■ **DATA PROVIDED**
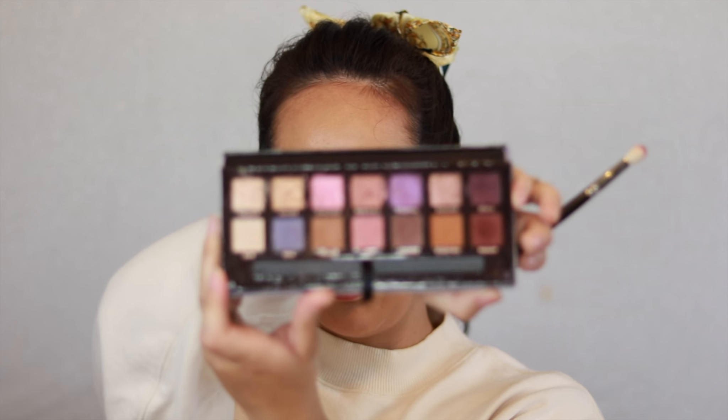I'm going to take the ILIA Soft Focus Fade Into You, and I'm taking the shade Passion from the Norvina palette down here and I'm just going to shade in my lower lash line.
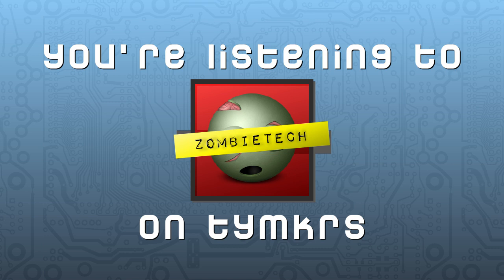Welcome to Zombie Tech, a forum for engineers, scientists, and inventors to ponder the technologies needed to survive the inevitable zombie apocalypse. She's Eddie, he's Whisker, and this week we have Maker Dino back again.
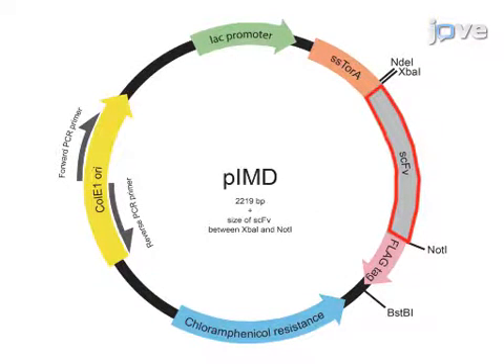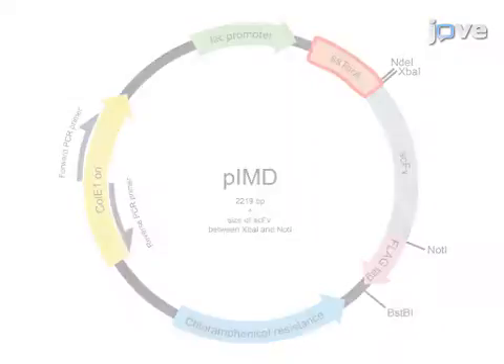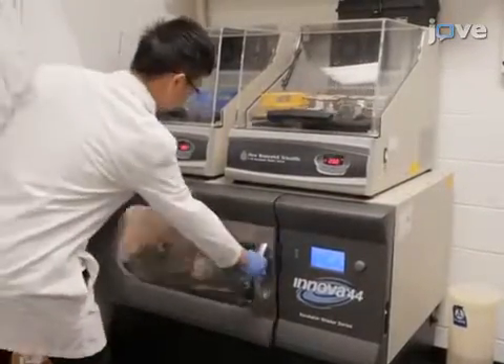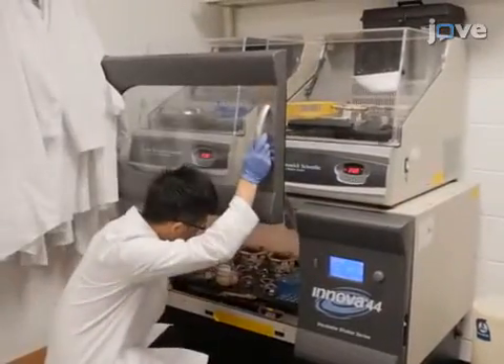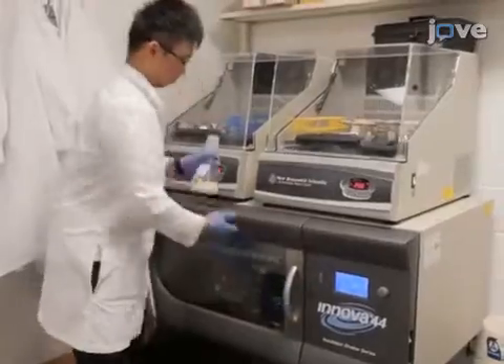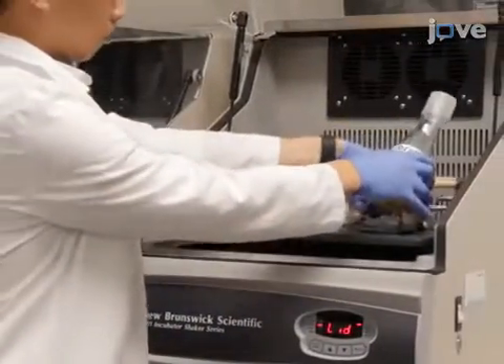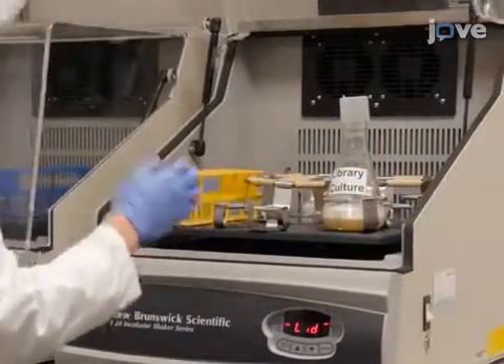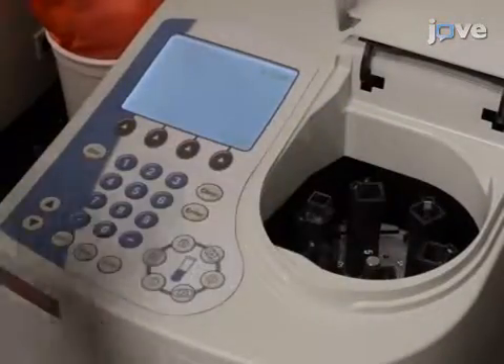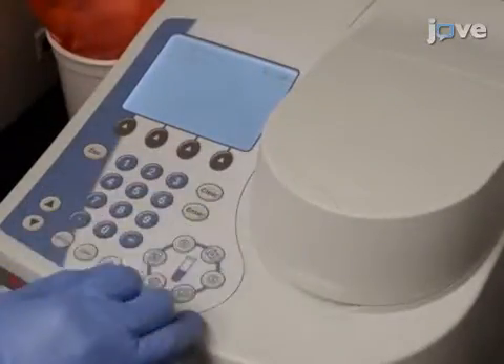After fusing the SCFV library to the SS-TorA signal sequence and growing it at 37 degrees Celsius with shaking for 3 hours, allow expression of the SCFV library at 20 degrees Celsius and 225 RPM overnight for 15 to 22 hours. Following the incubation, use a spectrophotometer to measure the optical density at 600 nanometers.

■ **REQUIRED ACTION**
Your task is to repeat the material above exactly, without its pictures.

■ **RESPONSE AREA**
I'm going to take the ILIA Soft Focus Fade Into You, and I'm taking the shade Passion from the Norvina palette down here and I'm just going to shade in my lower lash line.
Welcome to Zombie Tech, a forum for engineers, scientists, and inventors to ponder the technologies needed to survive the inevitable zombie apocalypse. She's Eddie, he's Whisker, and this week we have Maker Dino back again.
After fusing the SCFV library to the SS-TorA signal sequence and growing it at 37 degrees Celsius with shaking for 3 hours, allow expression of the SCFV library at 20 degrees Celsius and 225 RPM overnight for 15 to 22 hours. Following the incubation, use a spectrophotometer to measure the optical density at 600 nanometers.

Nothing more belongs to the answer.